La fórmula enunciada en 1886 era sabia: centralización política y descentralización administrativa. Pero desgraciadamente no se aplicó a plenitud, entre otras cosas porque las malas experiencias del federalismo de la Constitución de Rionegro dejaron al país temeroso de las experiencias de nueve Estados soberanos e independientes unidos por unos débiles lazos políticos.
Ese temor se arraigó hasta bloquear aun los casos extremos, que pedían descentralización administrativa, porque la unidad política ya estaba garantizada.
Pero con el crecimiento del Estado, su intervencionismo y la complejidad de los problemas nuevos, que aparecían todos los días, fue evidente la necesidad de un mecanismo que aflojara la rigidez con que venía aplicándose la fórmula centralista.

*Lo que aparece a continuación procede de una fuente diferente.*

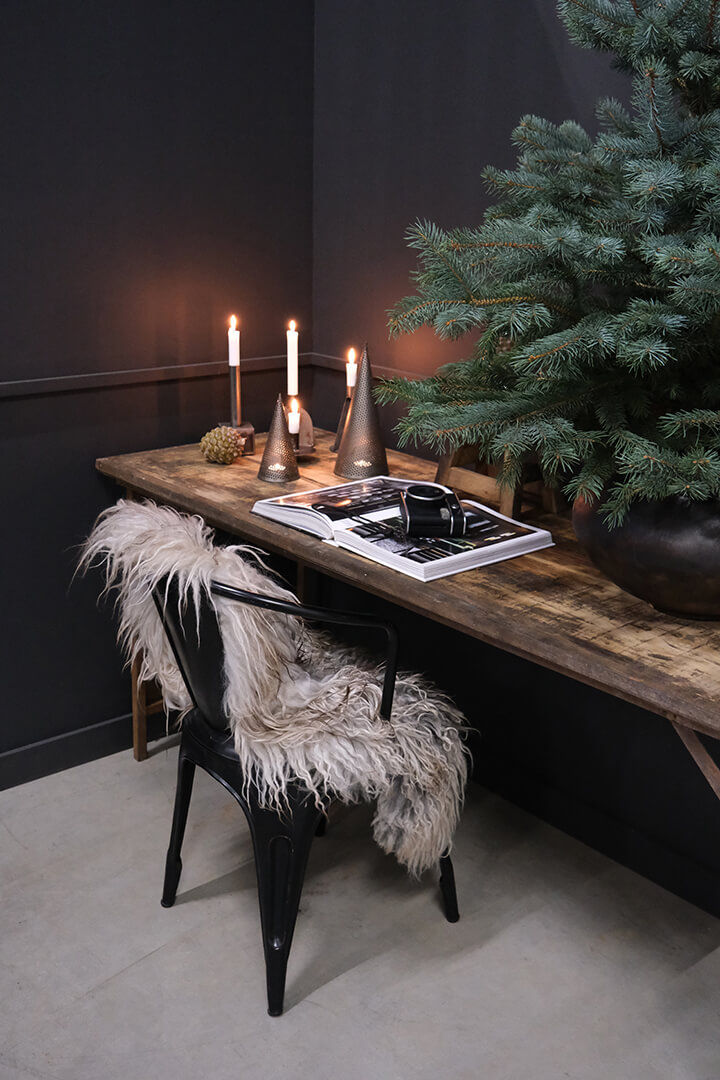 Trademark Living Juletræ perforeret jern - L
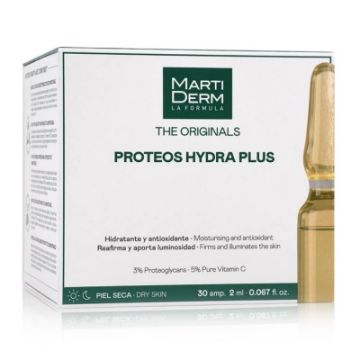 Martiderm The Originals Proteos Hydra Plus 30 Ampollas Martiderm The Originals Proteos Hydra Plus 30 Ampollas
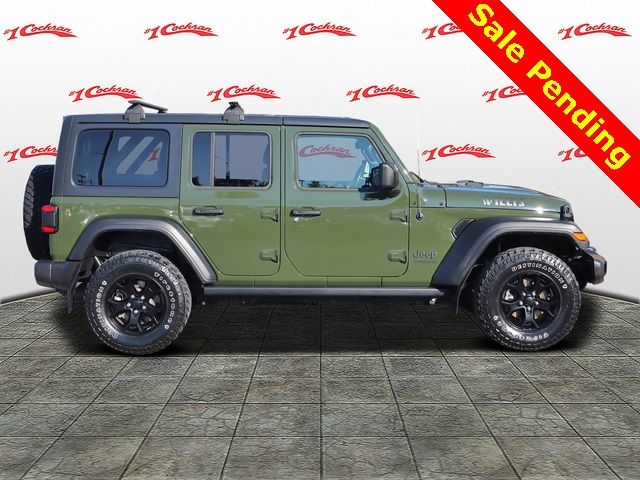 2021 Jeep Wrangler Unlimited Willys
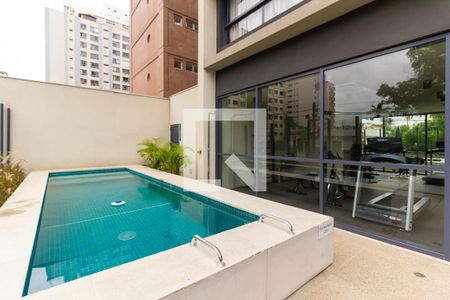Studio à venda com 30m², 1 quarto e sem vagaÁrea comum - Piscina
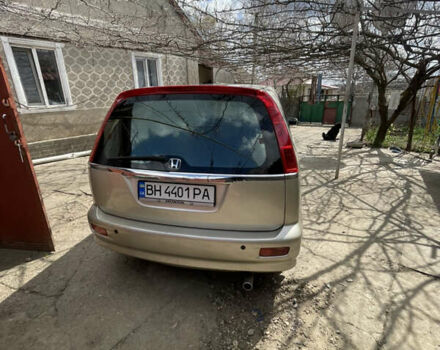 Сірий Хонда Стрім, об'ємом двигуна 2 л та пробігом 280 тис. км за 4900 $, фото 25 на Automoto.ua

Se pensó entonces en otro tipo de descentralización, que olvidara lo territorial para buscarla en las funciones. Así, separados del tronco central, se cumplía una parte del objetivo, al crear unos entes administrativos con operación más ágil que el gobierno nacional, y entregarles atribuciones para ejercer con procedimientos descompilados.
Comenzó de esta manera la explosión de la natalidad de los institutos descentralizados, como entidades independientes con patrimonio propio e independencia para actuar en su campo. Y ahí se pasó al otro extremo. El número de los institutos descentralizaos subió desaforadamente. La eficacia de los primeros aumentó el frenesí, hasta el punto de medir el éxito de los gobernantes por la cantidad de institutos que creara.
El Estado se convirtió en un bosque de institutos que dificultó la administración pública más de lo que estaría sin ellos. Vino la destorcida. Y ahora estamos ante un tema de superpoblación de entidades descentralizadas que obliga eliminar muchas si no queremos que devoren presupuestos y enreden trámites, sin beneficio distinto de alimentar burocracia. Ahora la gloria administrativa no la gana quien funde más institutos, sino quien elimine más de los que atosigan la vida administrativa y alimentan la burocracia.
Pero no resulta nada fácil. Los institutos descentralizados se niegan a morir. A su alrededor se urdió una maraña de relaciones cuya desaparición afecta muchos sectores. La nómina que crece velozmente es un bocado clientelista suculento y forma una concha protectora casi impenetrable. El argumento de que se está acabando con la descentralización tiene tantos sofismas que desanima a los gobiernos ante la cantidad de conflictos laborales que se desatan.
Y, sin embargo hay consenso sobre la necesidad de esa limpieza interna. Algún valiente se decidirá a racionalizar el exceso de entusiasmo fundador de establecimientos públicos que puso de moda responder a cada necesidad del país creando una institución nueva y asignándole la responsabilidad de arreglarla.
Al final quedan la necesidad sin remediar, el presupuesto inflado, la burocracia en aumento y un frente adicional por atender: el instituto creado para arreglar el problema. Ojalá tengamos pronto unos cuantos de los más inútiles liquidados del todo. Ojalá no se le ocurra a algún ingenio innovador crear un instituto especial, para que administre el cementerio de los llamados a desaparecer.